Die Geschichte wird aus der Sicht der beiden Protagonisten Marie-Laure und Werner erzählt. Sie spielt in der Zeit um den Zweiten Weltkrieg und wechselt zwischen den beiden Perspektiven in sehr kurzen Kapiteln hin und her. Teilweise wird auch in einigen Kapiteln die Perspektive anderer Personen eingebaut z.B. eines deutschen Offiziers oder von Marie-Laures Vater. Diese bilden aber eher die Ausnahme. Auch wechselt die Geschichte zwischen der Vergangenheit der Beiden und der Gegenwart hin und her, bleibt aber für den Leser trotzdem übersichtlich. So erfährt man viel über die Hintergründe der Personen und bekommt ein Verständnis für ihre Handlungen. Am besten hat mir die wunderschöne Schreibweise gefallen. Der Autor versteht es die Welt der blinden Marie-Laure sehr bildlich und wirklichkeitsnah zu beschreiben und dem Leser eine völlig neue Wahrnehmung der Geschehnisse zu ermöglichen. Auch die Kraft die Marie-Laure aufbringt, um ihr Schicksal zu bewältigen ist einzigartig und faszinierend. Aber auch Werners Sicht der Dinge, sein ständiger innerer Kampf das Richtige zu tun oder das, was ihm von den Offizieren vorgegeben wird, ist wunderschön dargestellt. Auch die eigentlichen Nebenfiguren liefern einen erheblichen Beitrag zur Entwicklung der beiden Protagonisten und beeinflussen diese auch sehr in ihren weiteren Handlungen. Dazu zählen Werners Schwester Jutta und sein Freund Frederick und auf Marie-Laures Seite Madame Manecs und natürlich ihr Vater.

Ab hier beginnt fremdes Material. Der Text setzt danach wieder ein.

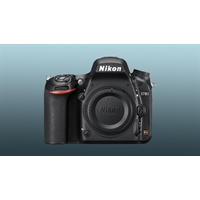 NIKON D780 KIT 24-120 F4 VR + SD 64GB LEXAR - NITAL 4 ANNI 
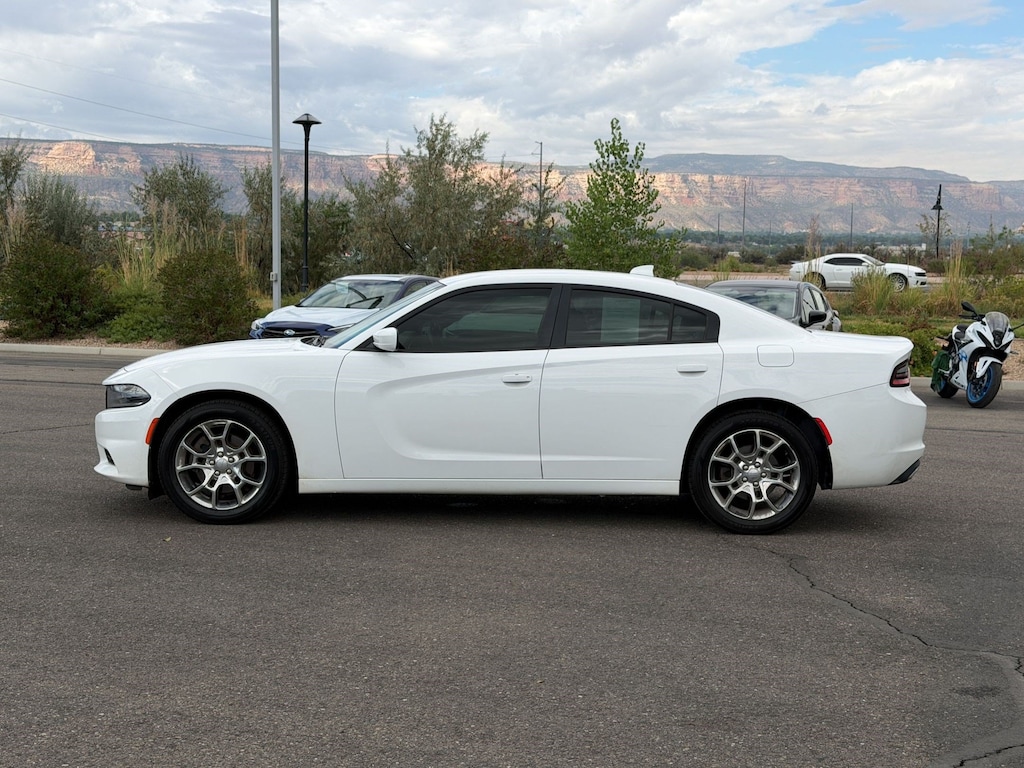 Used 2017 Dodge Charger SXT Sedan
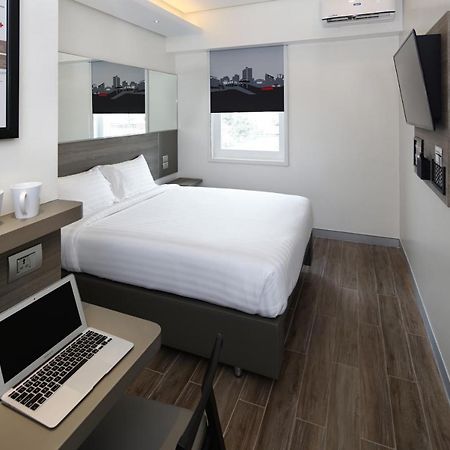 Red Planet Bgc The Fort Taguig Dış mekan fotoğraf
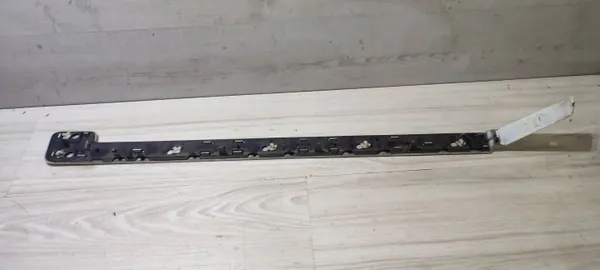 Räckskydd bak höger Peugeot Rifter OEM 98186878 image 4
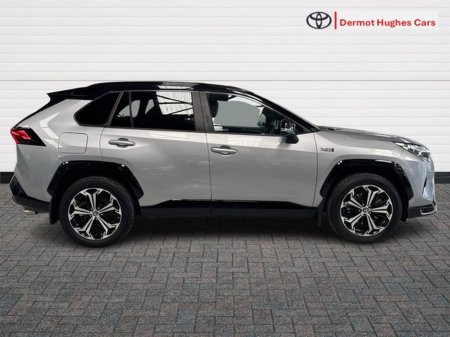 2023 Toyota Rav4 PLUG-IN HYBRID SPORT €44,950 thumbnail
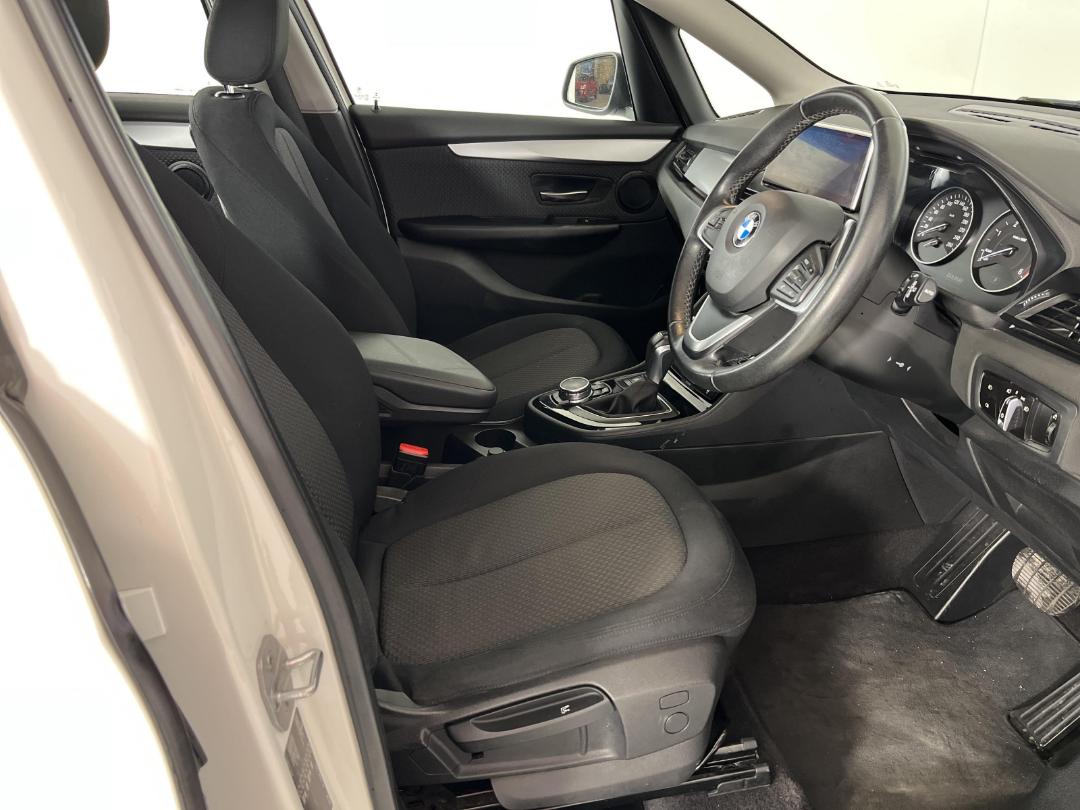 Photo '16' of BMW 218D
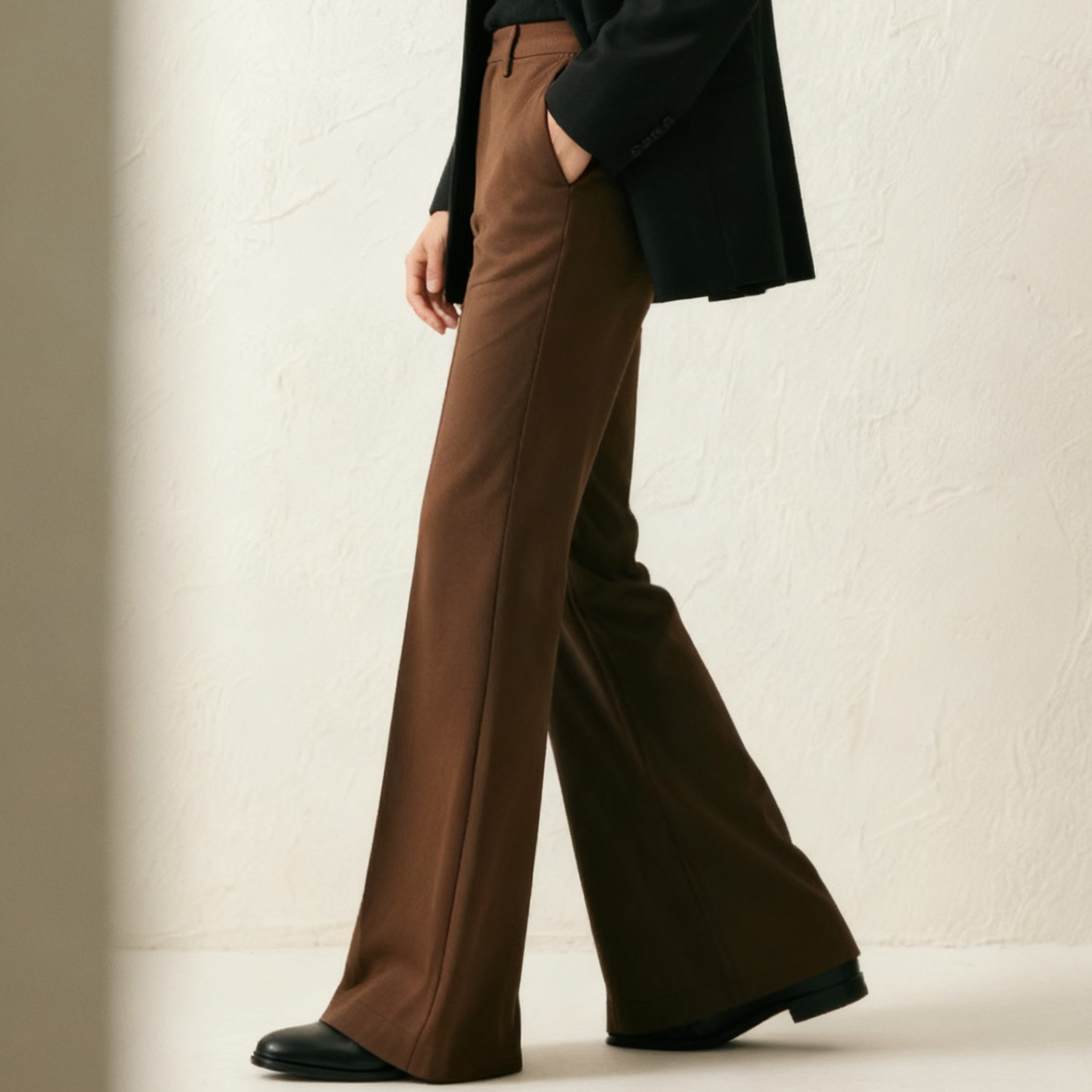 남성 모델이 착용한 브라운 슬림핏 바지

 Jede Figur scheint ihren wohlverdienten Platz zu haben und die Geschichte in ihrem eigenen Maße mitzuformen.

Rein objektiv gesehen, liefert das Ende einen logischen Abschluss der Handlung, aber rein subjektiv betrachtet ist es ein wenig grausam und unfair. Ich hätte mir lieber ein märchenhaftes Happy End gewünscht, aber in den Zeiten des Krieges hätte so ein Ende vielleicht zu unrealistisch und nicht authentisch genug gewirkt. Das teilweise trostlose Leben der verbleibenden Protagonisten ist wirklich schwer erträglich, weiß man doch wie nahe sie eigentlich an einem noch schöneren Ende dran gewesen waren.
Alles in allem ein wundervolles Lesevergnügen, welches den Zweiten Weltkrieg einmal von einer anderen Perspektive zeigt und ein paar schöne Stunden verspricht, ausgedrückt in einem wunderschönen, liebevoll inszenierten Schreibstil.